そこで、国内競争をいったん諦め、海外の選手に目を向けた。
ヘッドコーチに就任すると、この課題をアシスタントコーチのトミーロイドに託します。
ロイドはヒューの期待に応え、八村塁らを含めた、優秀な留学生を集めてきたことは以前書きました。→こちら
これにより、好成績をおさめたゴンザガには、今度はアメリカの有望選手の方から入学希望が寄せられるようになったわけです。*その中でもベストと言われるのがジェイレンサッグス
限られたリソースの中での、「創意工夫」により花開いた、あまりにも見事なプログラムではないでしょうか。
なんだかんだ言いながら、NCAAトーナメント優勝校はハイメジャー校が独占しています。

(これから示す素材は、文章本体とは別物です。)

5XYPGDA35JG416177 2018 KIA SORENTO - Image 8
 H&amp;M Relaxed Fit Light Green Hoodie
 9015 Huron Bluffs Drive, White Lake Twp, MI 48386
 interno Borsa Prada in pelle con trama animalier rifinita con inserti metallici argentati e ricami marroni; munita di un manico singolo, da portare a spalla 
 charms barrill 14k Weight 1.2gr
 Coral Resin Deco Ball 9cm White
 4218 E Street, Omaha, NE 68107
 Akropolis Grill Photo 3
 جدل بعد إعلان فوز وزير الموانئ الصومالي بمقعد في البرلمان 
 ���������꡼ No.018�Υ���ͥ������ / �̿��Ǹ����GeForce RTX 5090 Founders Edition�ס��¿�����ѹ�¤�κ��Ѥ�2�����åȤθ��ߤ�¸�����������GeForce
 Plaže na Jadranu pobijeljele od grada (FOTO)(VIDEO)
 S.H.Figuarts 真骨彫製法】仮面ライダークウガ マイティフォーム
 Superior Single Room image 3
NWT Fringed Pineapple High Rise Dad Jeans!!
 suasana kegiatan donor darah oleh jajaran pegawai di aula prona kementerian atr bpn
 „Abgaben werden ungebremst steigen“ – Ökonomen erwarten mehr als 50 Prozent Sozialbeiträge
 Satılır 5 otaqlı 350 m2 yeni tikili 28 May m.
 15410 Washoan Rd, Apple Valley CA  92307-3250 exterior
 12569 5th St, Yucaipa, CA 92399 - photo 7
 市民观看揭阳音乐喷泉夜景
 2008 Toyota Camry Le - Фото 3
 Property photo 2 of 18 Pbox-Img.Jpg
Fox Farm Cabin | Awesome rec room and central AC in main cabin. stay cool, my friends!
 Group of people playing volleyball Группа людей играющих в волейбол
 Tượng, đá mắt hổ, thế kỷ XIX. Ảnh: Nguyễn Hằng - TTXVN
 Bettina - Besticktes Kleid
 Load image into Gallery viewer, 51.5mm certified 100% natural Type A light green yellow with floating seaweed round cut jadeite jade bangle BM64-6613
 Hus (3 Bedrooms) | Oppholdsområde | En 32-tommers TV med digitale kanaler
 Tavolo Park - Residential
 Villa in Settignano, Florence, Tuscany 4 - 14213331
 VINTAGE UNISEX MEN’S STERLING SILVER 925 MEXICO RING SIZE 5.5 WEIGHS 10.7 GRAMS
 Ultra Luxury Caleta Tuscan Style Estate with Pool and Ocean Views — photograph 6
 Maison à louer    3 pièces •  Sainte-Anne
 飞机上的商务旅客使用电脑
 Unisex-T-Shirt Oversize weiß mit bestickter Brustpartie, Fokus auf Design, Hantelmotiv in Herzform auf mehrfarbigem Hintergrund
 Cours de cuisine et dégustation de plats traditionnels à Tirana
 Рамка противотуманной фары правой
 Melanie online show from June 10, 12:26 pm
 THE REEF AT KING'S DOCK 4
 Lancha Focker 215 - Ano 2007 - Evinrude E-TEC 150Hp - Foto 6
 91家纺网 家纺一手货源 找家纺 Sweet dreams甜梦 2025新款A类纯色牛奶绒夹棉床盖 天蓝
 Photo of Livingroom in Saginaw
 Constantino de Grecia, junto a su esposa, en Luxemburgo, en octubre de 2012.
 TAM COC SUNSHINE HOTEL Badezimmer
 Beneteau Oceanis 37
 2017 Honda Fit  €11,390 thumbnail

notハイメジャー校の優勝は、、、1990年のUNLV。ですが、ラスベガスは西部有数の規模を誇るメジャー。ゴンザガとは比較になりません。
もう1つ遡ると、1977年優勝のマーケット。ですが、マーケットもやはり大規模校。
となると、さらに遡って1966年。映画「グローリーロード」で有名なテキサスウェスタン大学(現在のテキサス大学エルパソ校)。
実に55年ぶり。
ワシントン州スポケーンにある小規模私立校、ゴンザガの初優勝は達成されるでしょうか。
<参考>
とはいえ、ゴンザガの予算30億円というのも、とんでもない数字です。
日本の大学とは比較にならないですが、Bリーグをみてみましょう。
「営業費用」が最も高いのは、アルバルク東京。その数字は約15.5億円。
→ゴンザガ大学アスレティックデパートメントの決算書(2018-2019)
*NCAAスクールは「選手の人件費」ゼロ。
*ゴンザガ大学アスレティックデパートメントのバーシティスポーツは、男女合わせて16(男子バスケットボールが占める割合が大きいのは間違いないですが)。